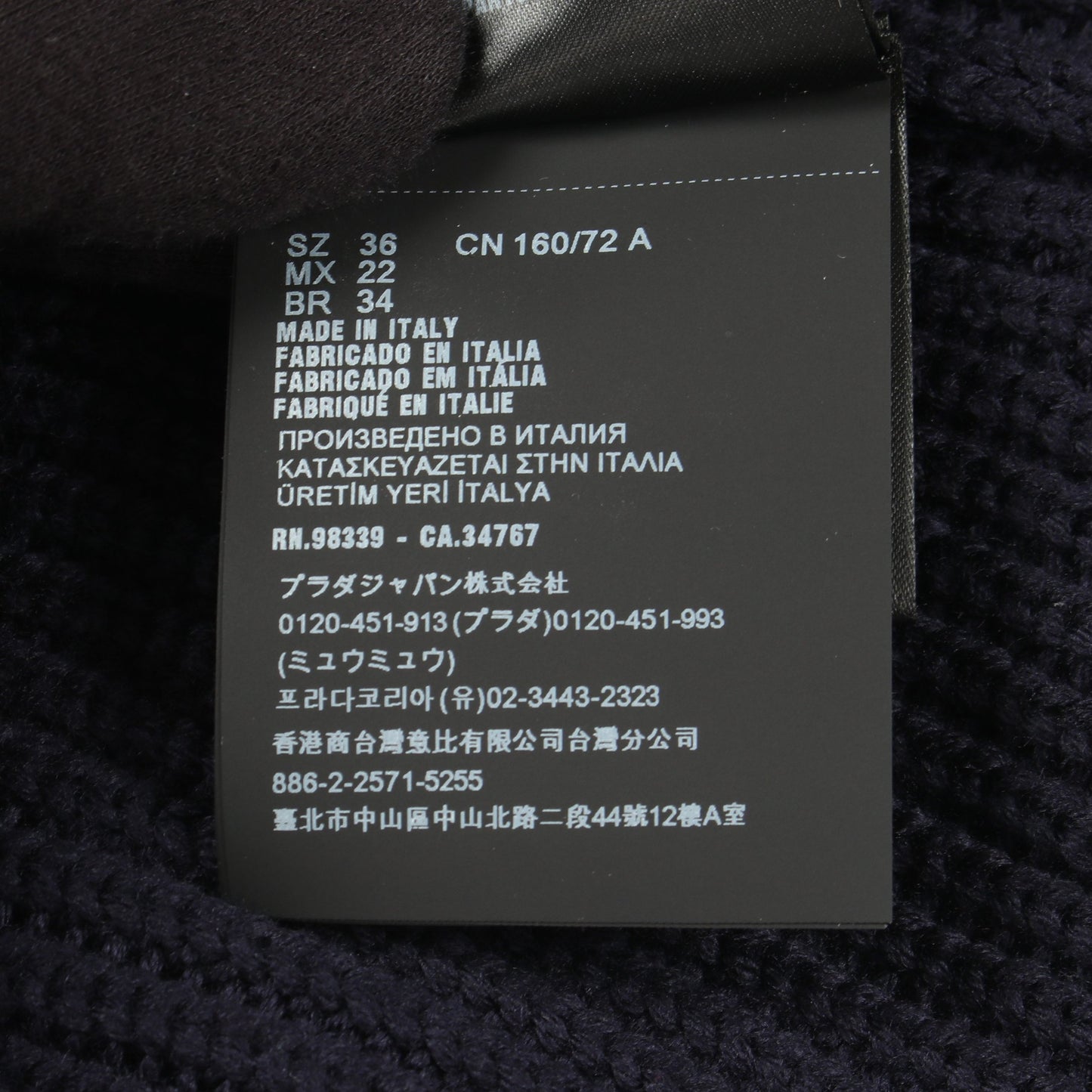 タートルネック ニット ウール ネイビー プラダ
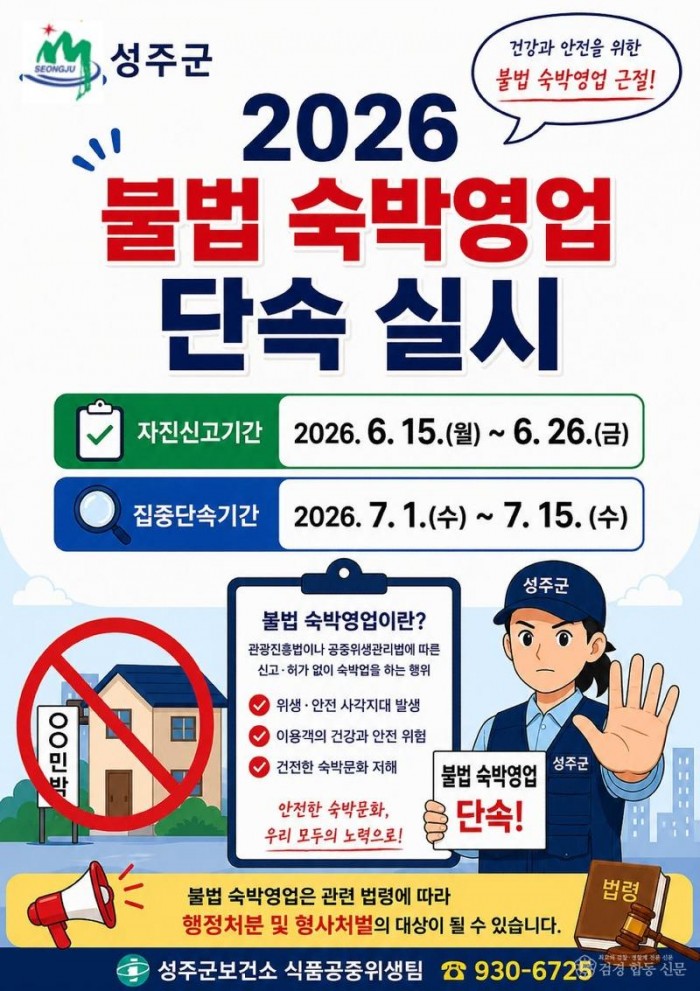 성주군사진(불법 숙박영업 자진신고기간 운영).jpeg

= = = =

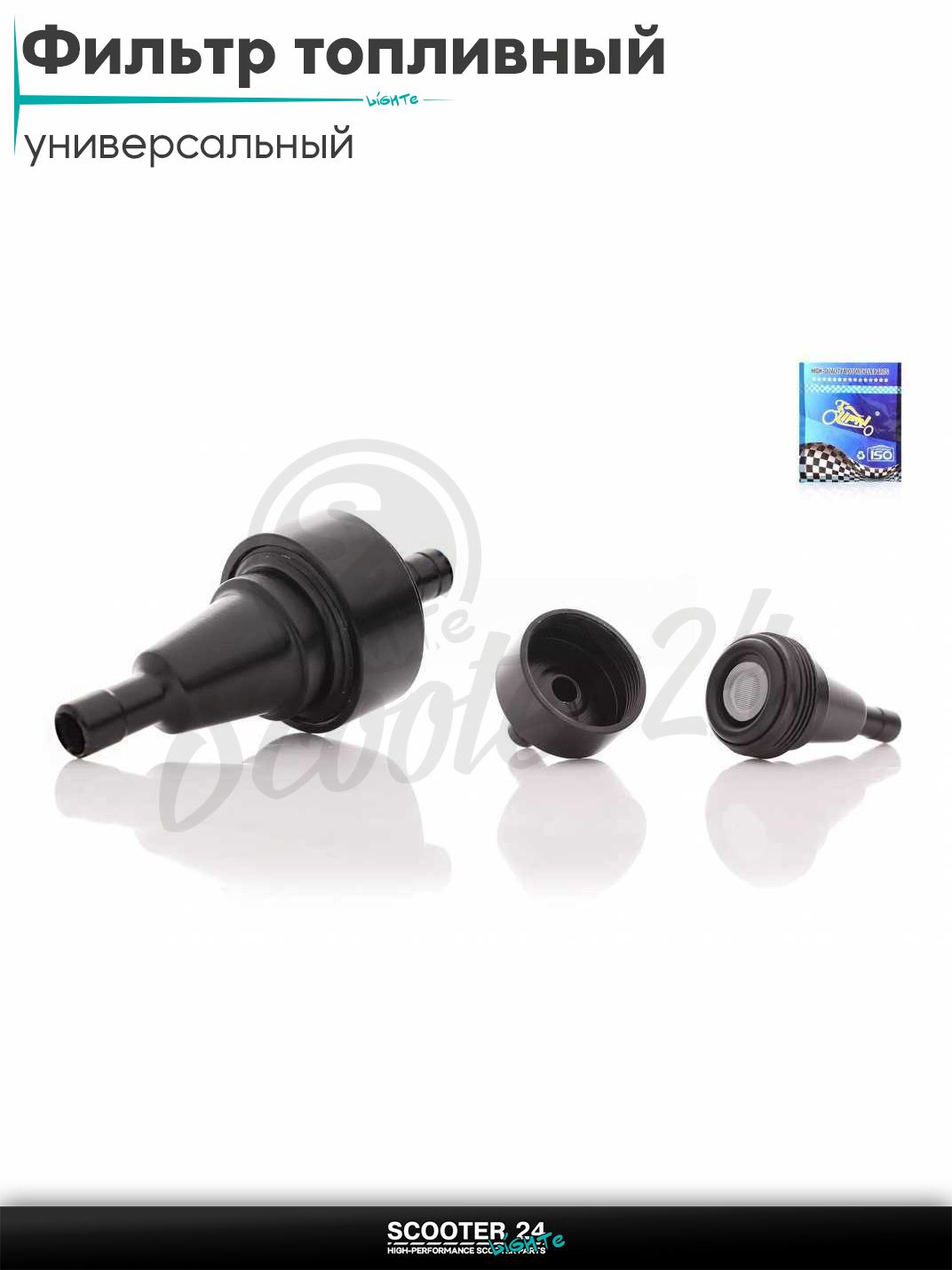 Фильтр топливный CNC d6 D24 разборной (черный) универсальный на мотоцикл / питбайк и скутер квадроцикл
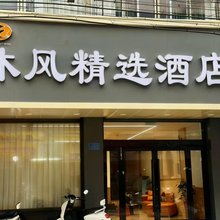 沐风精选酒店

= = = =

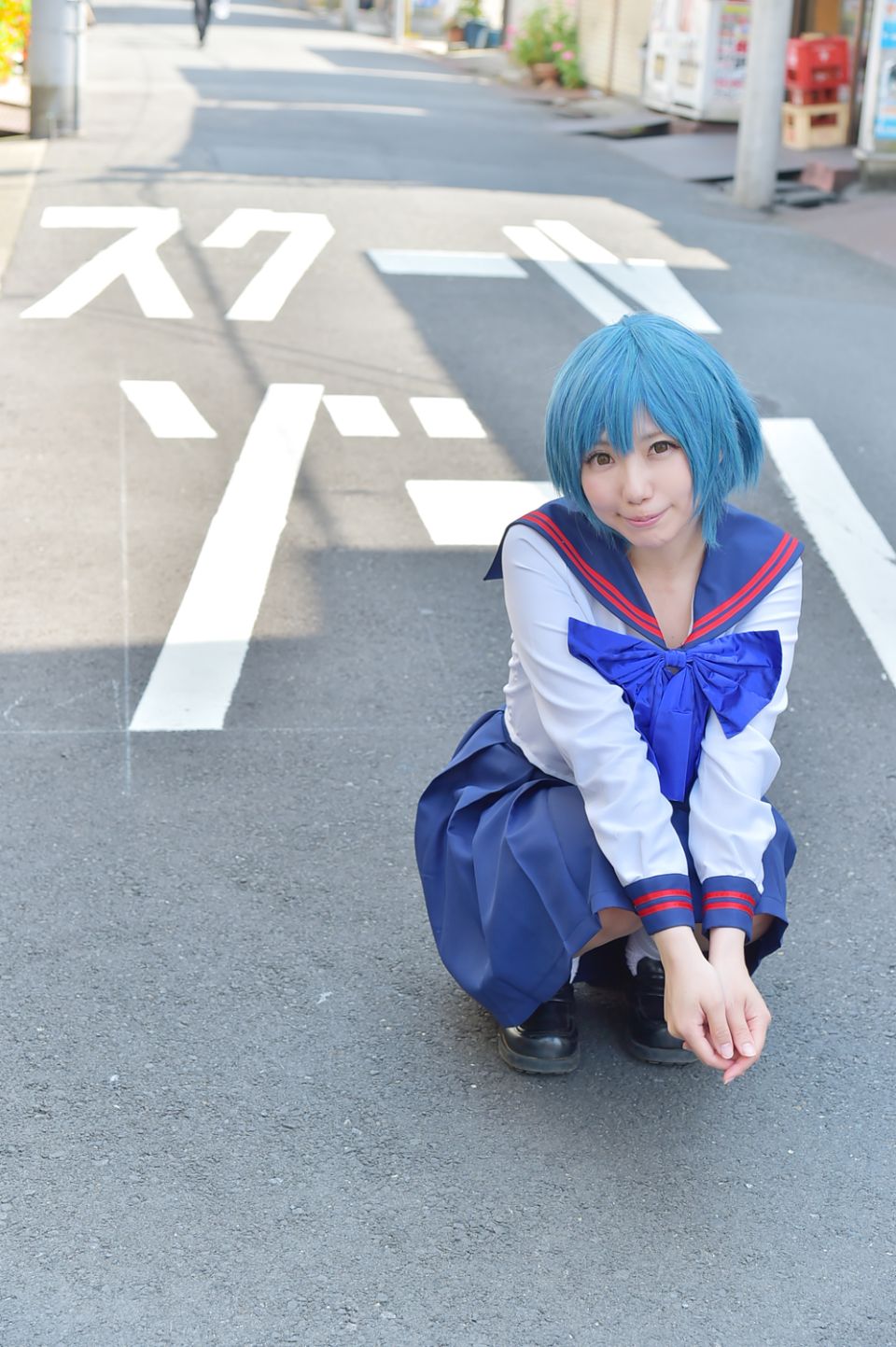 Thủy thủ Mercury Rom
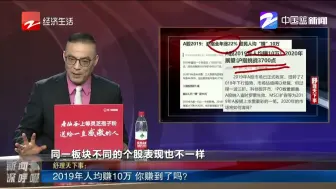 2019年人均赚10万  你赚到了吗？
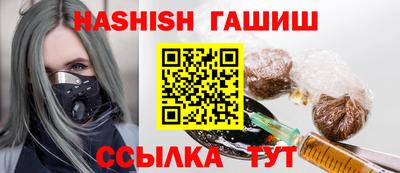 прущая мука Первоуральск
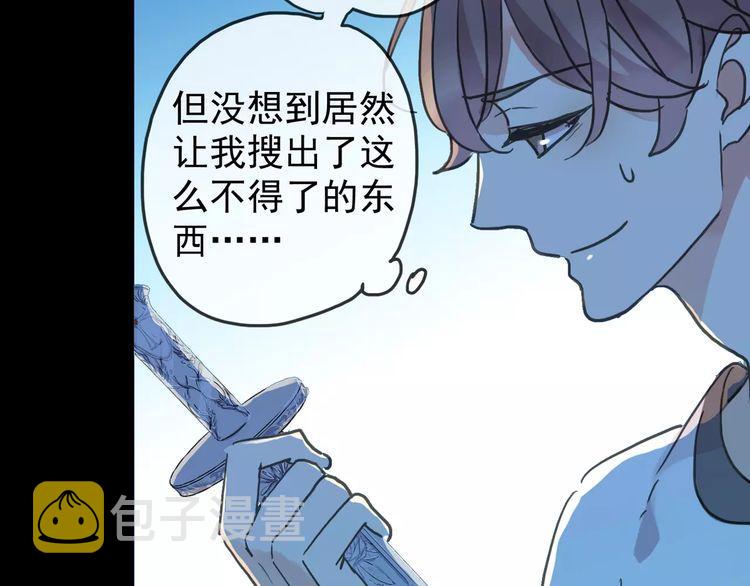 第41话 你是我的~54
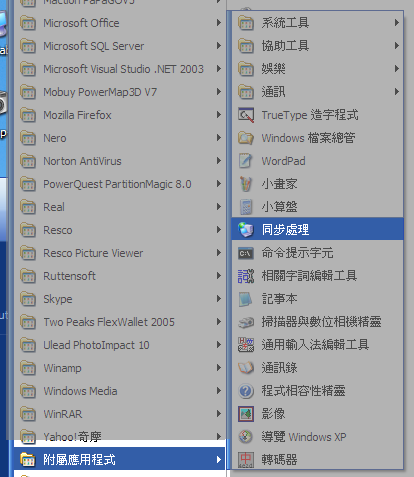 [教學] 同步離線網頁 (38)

= = = =

Look above for the line with "Thủy thủ Mercury Rom" and the line with "[教學] 同步離線網頁 (38)", then restate exactly those two lines and all lines between them, with no pictures.

EXERCISE ANSWER
 Thủy thủ Mercury Rom
 2019年人均赚10万  你赚到了吗？
 прущая мука Первоуральск
 第41话 你是我的~54
 [教學] 同步離線網頁 (38)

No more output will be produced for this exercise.